#### Exercise instructions
Please transcribe exactly the lines from the line holding "Apple iPhone 11 ブラック 本体 64GB" through the end of the data below, and skip any pictures.

#### Dataset excerpts
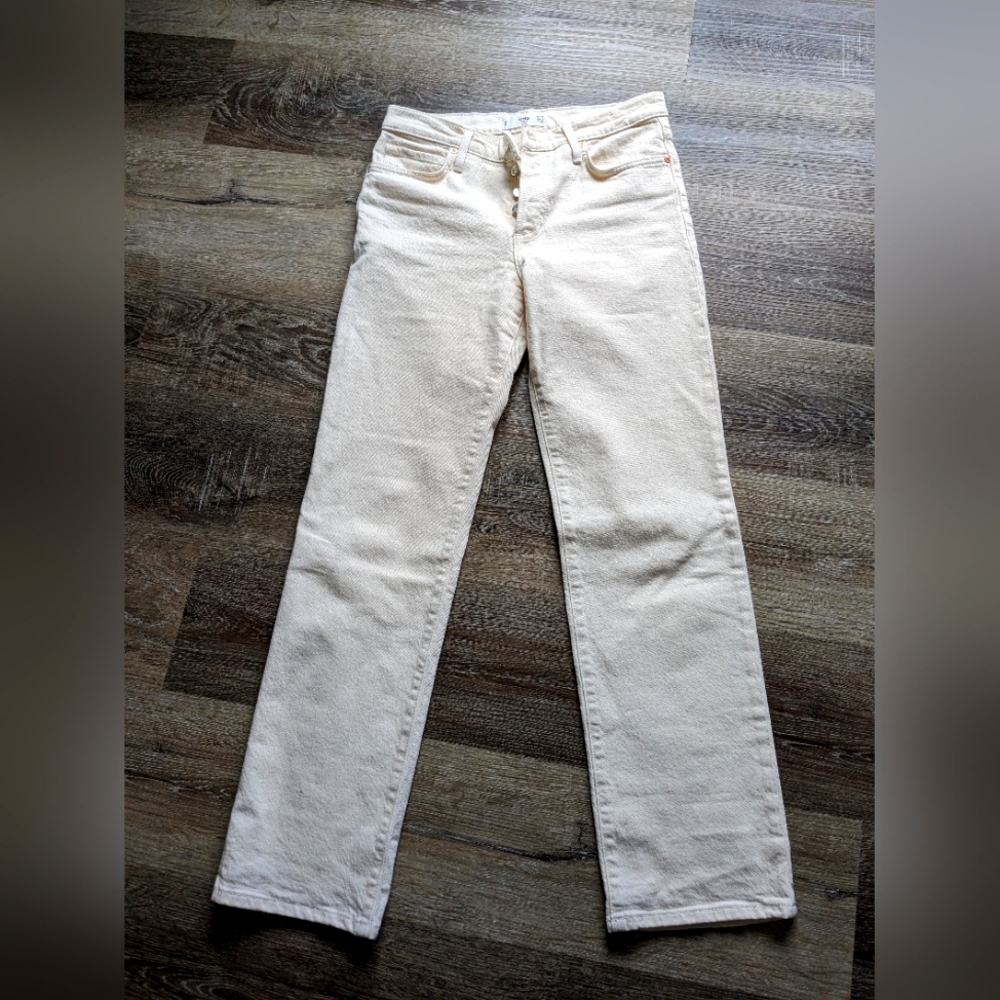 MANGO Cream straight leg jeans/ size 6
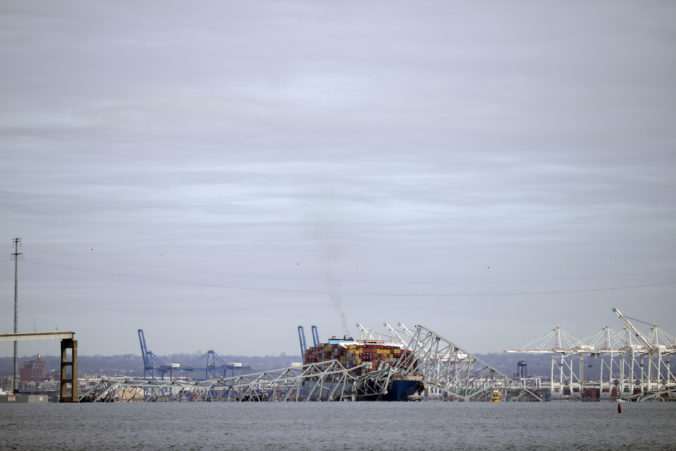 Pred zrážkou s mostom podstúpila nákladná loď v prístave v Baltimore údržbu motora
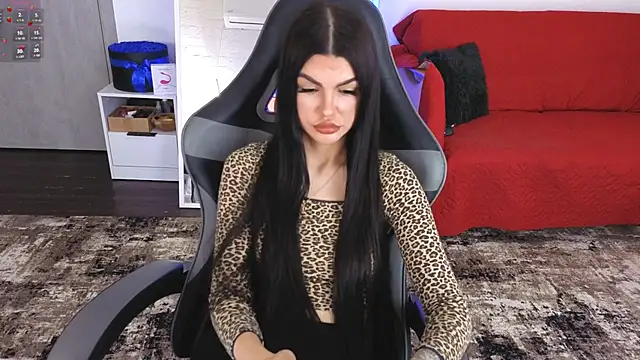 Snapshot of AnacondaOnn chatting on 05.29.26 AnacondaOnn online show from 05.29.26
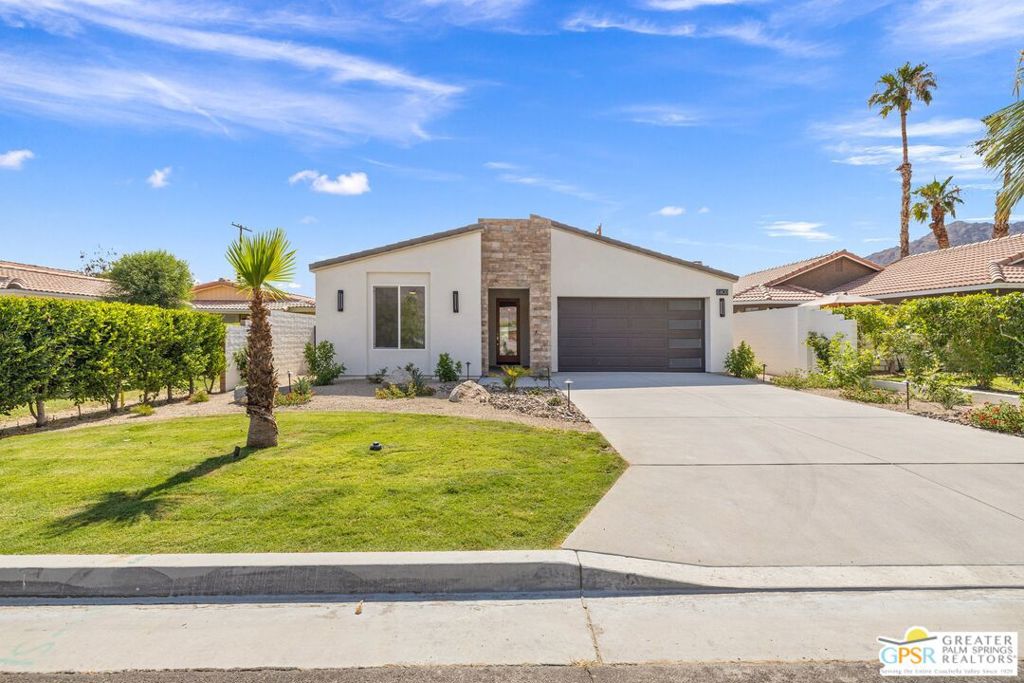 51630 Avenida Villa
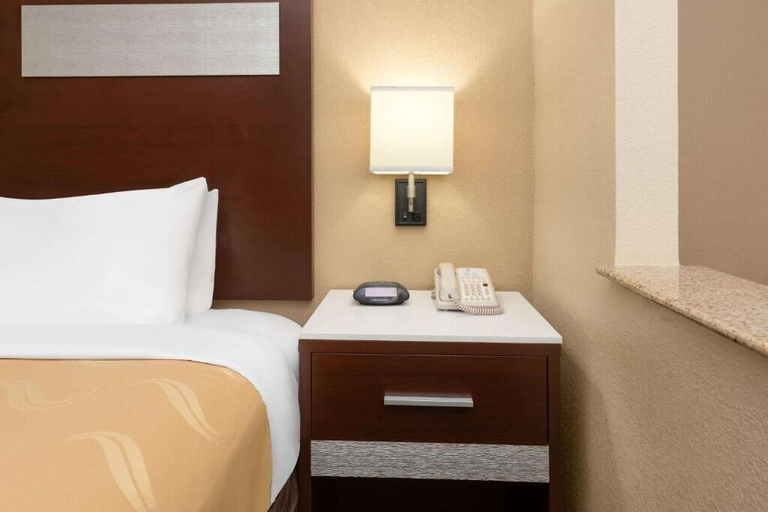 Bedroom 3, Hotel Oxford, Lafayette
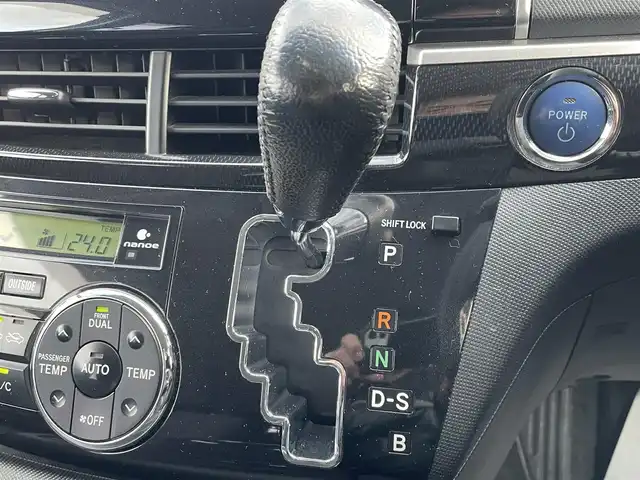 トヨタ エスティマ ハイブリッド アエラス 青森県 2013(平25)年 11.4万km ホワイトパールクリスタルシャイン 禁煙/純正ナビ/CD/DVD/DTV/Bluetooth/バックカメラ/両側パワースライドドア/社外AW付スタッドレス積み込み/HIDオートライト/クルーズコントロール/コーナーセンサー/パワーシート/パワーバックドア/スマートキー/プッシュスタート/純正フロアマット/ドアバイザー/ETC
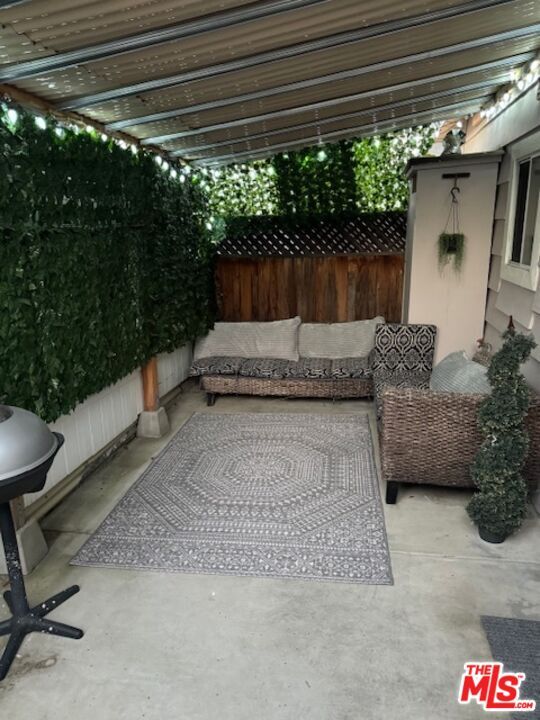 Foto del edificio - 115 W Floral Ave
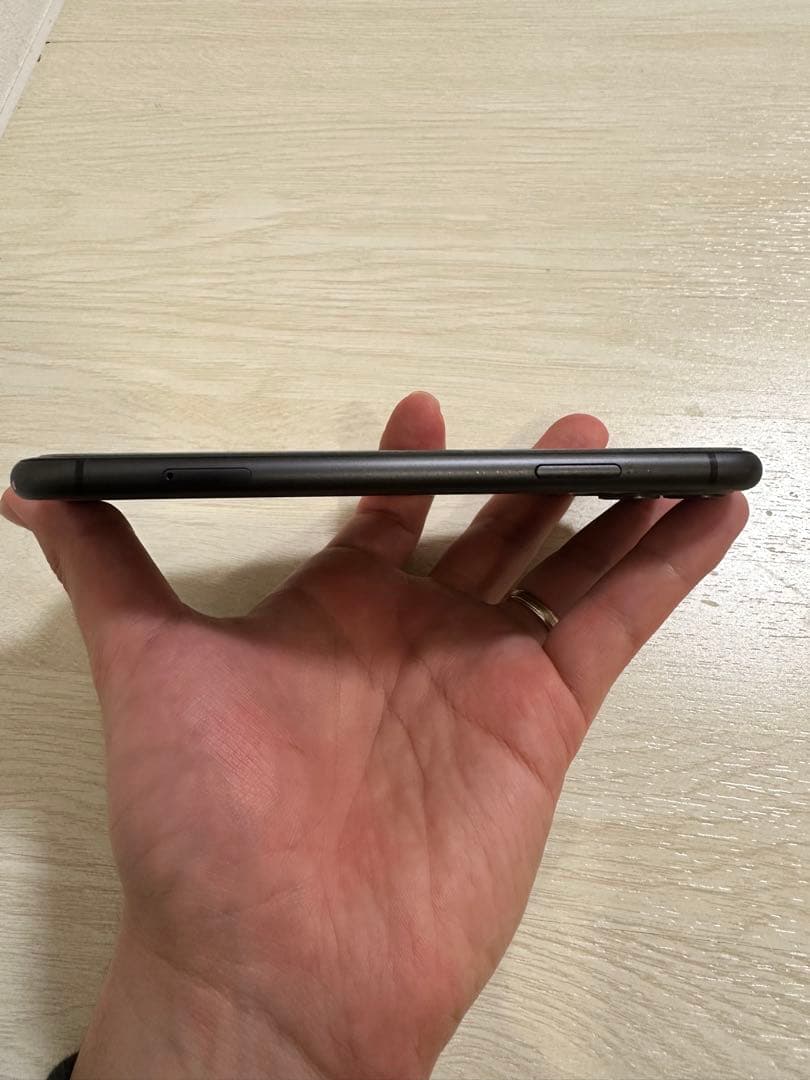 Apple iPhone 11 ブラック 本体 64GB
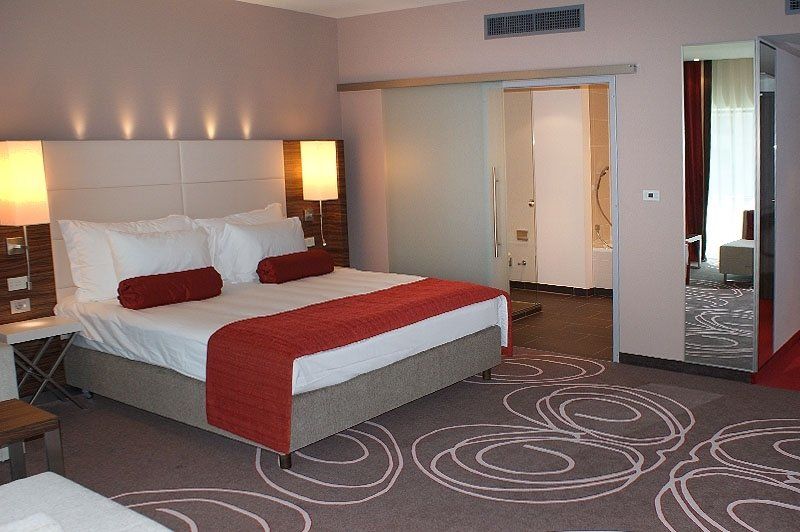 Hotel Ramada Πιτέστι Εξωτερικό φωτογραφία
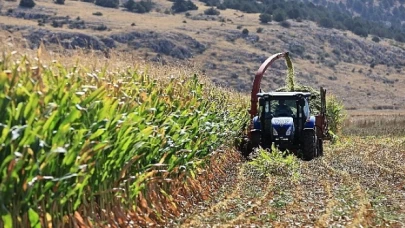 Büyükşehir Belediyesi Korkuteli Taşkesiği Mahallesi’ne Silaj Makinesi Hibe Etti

#### Written answer
 Apple iPhone 11 ブラック 本体 64GB
 Hotel Ramada Πιτέστι Εξωτερικό φωτογραφία
 Büyükşehir Belediyesi Korkuteli Taşkesiği Mahallesi’ne Silaj Makinesi Hibe Etti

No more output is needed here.